Exclude all pictures, then restate the entries below word for word.

DATA FOR PROCESSING Block Start

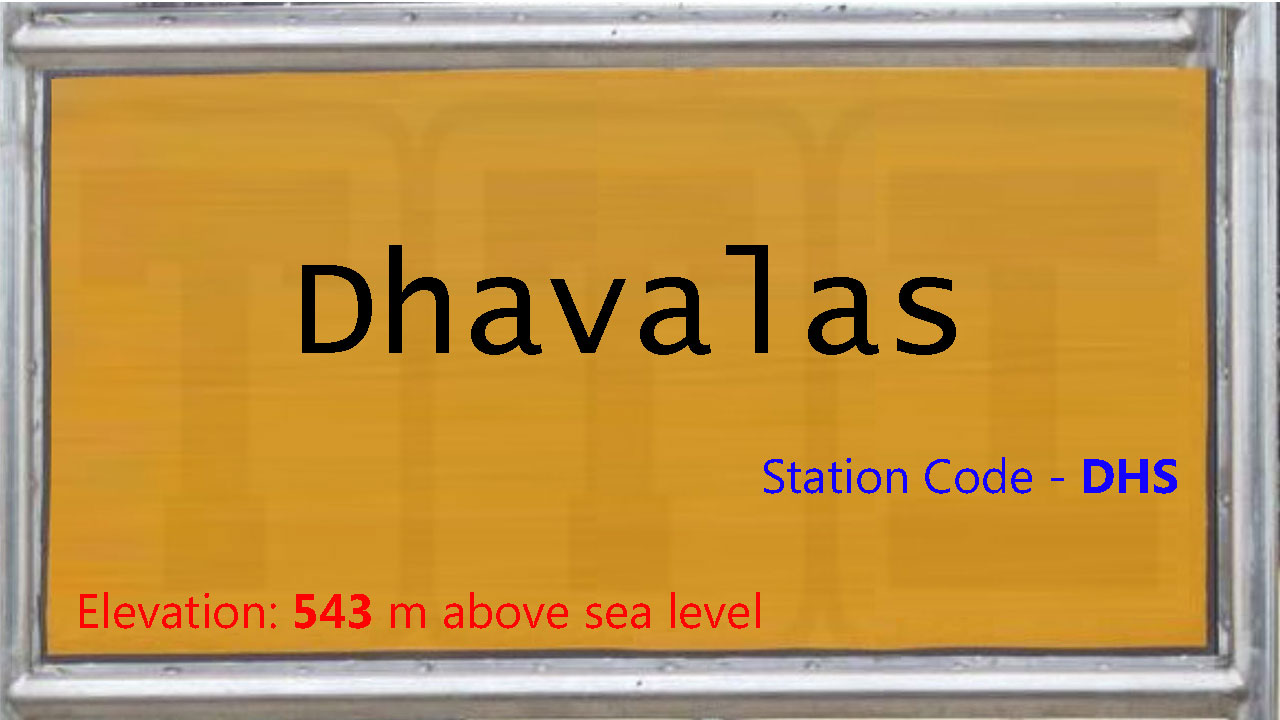Dhavalas Dhavalas
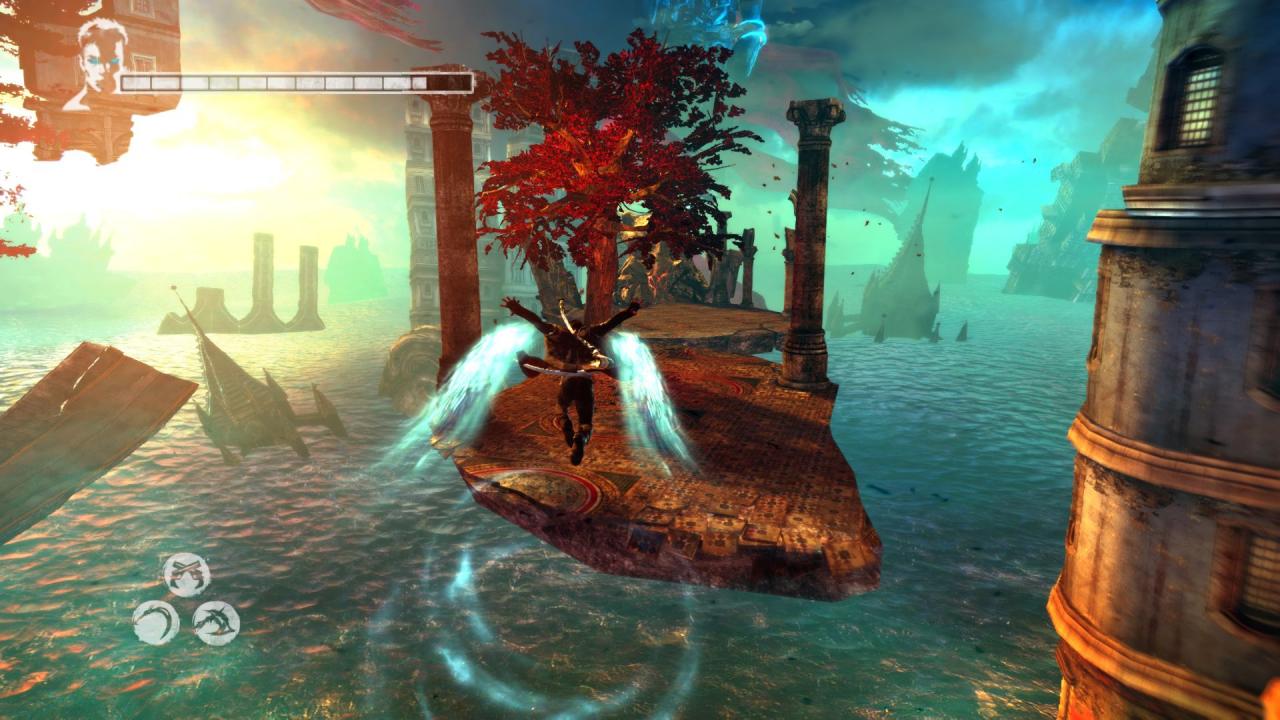 [11/01/2013] Die PC-Fassung von DmC: Devil May Cry sind deutlich besser als die Konsolenpendants aus und läuft noch flüssiger. 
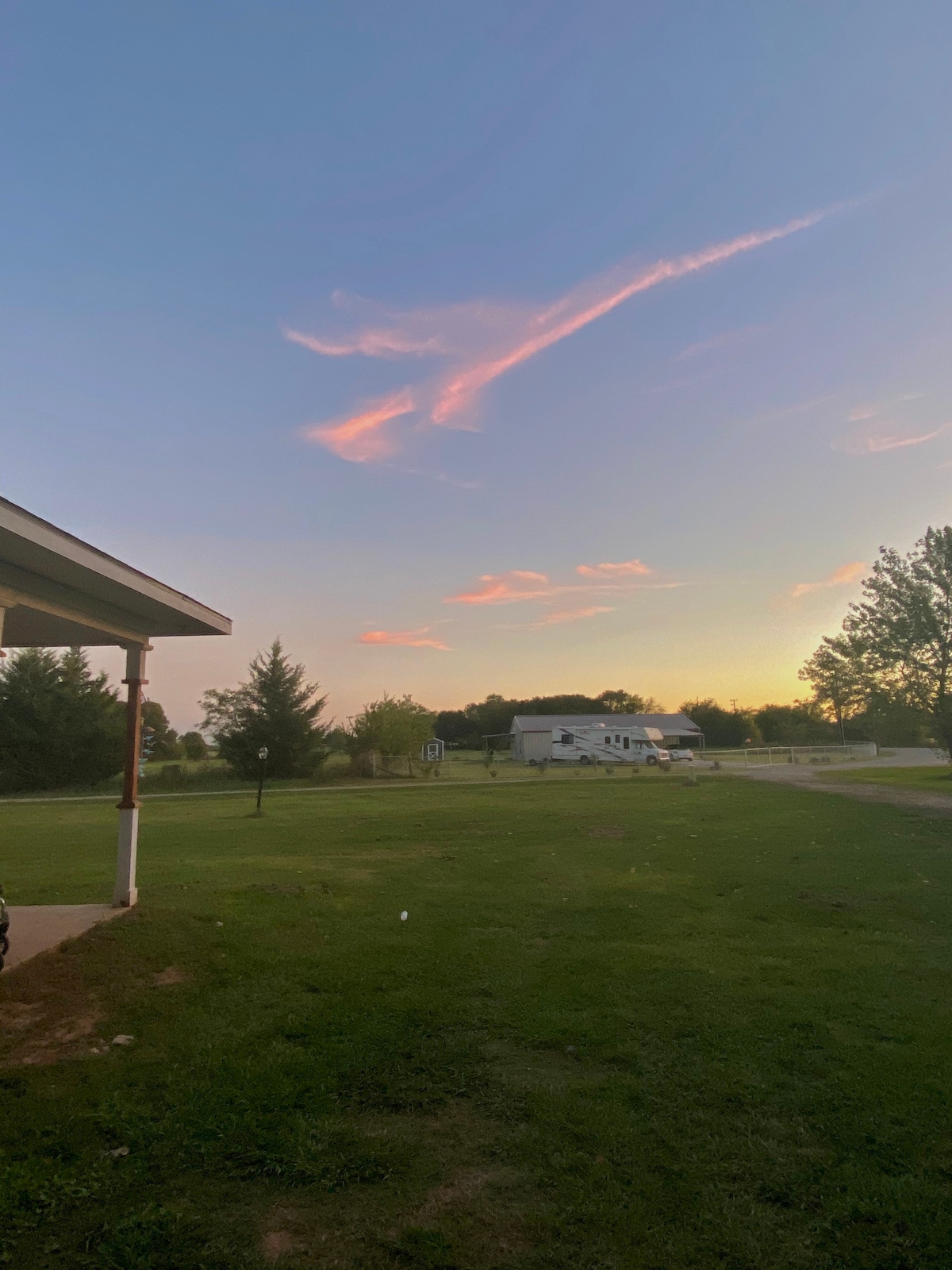 The Cottage on Immigrant trail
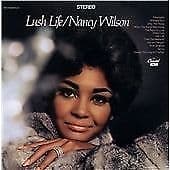 Wilson, Nancy : Lush Life CD Pre-Owned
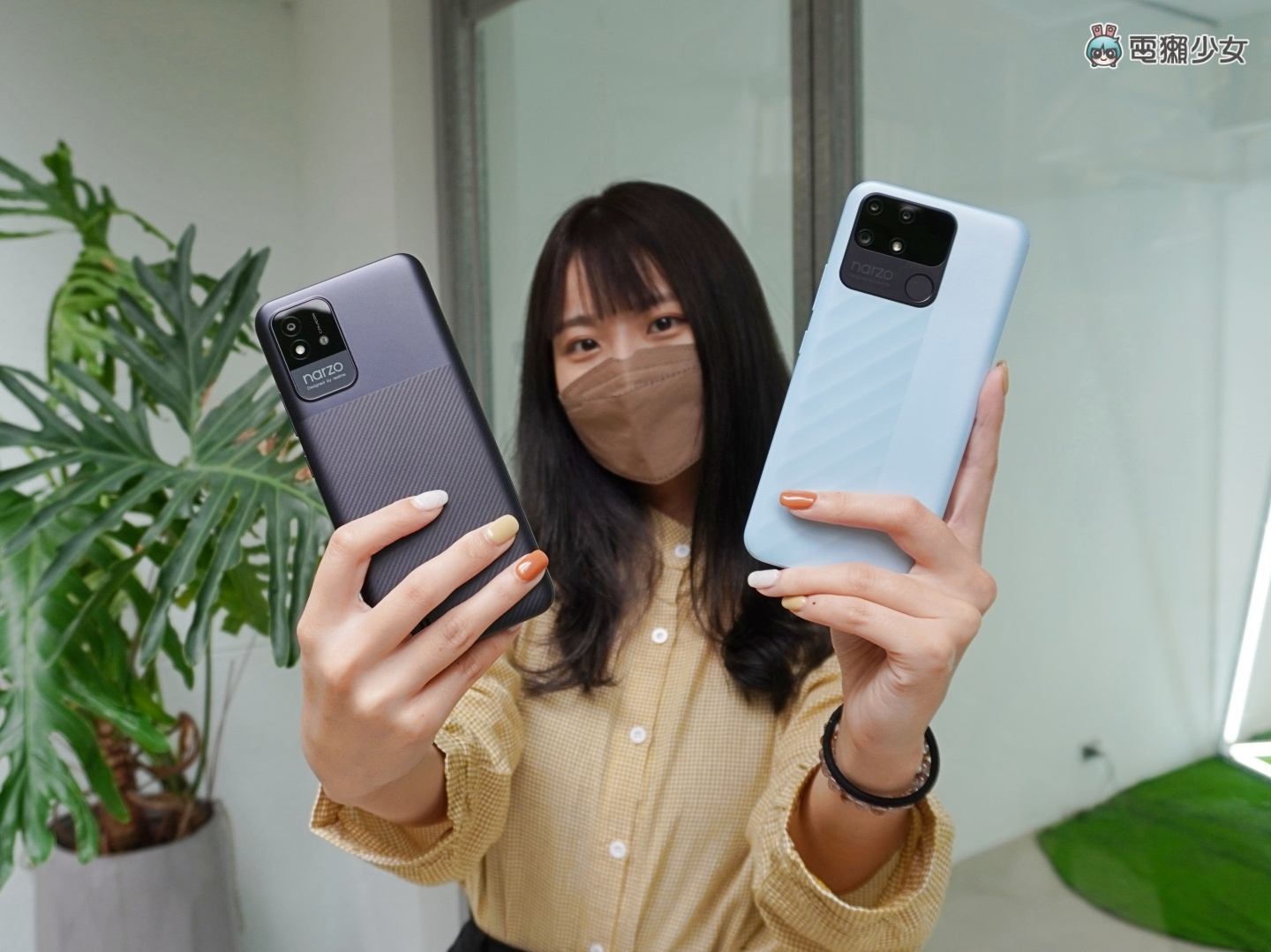出门｜‘ realme GT Neo2 ’cool 冷旗舰机正式登台，主打超强散热及潮玩设计！同场加映：narzo 50A / 50i 大电量兄弟档 数码科技 图13张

DATA FOR PROCESSING Block End

WORKED SOLUTION
Dhavalas Dhavalas
 [11/01/2013] Die PC-Fassung von DmC: Devil May Cry sind deutlich besser als die Konsolenpendants aus und läuft noch flüssiger. 
 The Cottage on Immigrant trail
 Wilson, Nancy : Lush Life CD Pre-Owned
出门｜‘ realme GT Neo2 ’cool 冷旗舰机正式登台，主打超强散热及潮玩设计！同场加映：narzo 50A / 50i 大电量兄弟档 数码科技 图13张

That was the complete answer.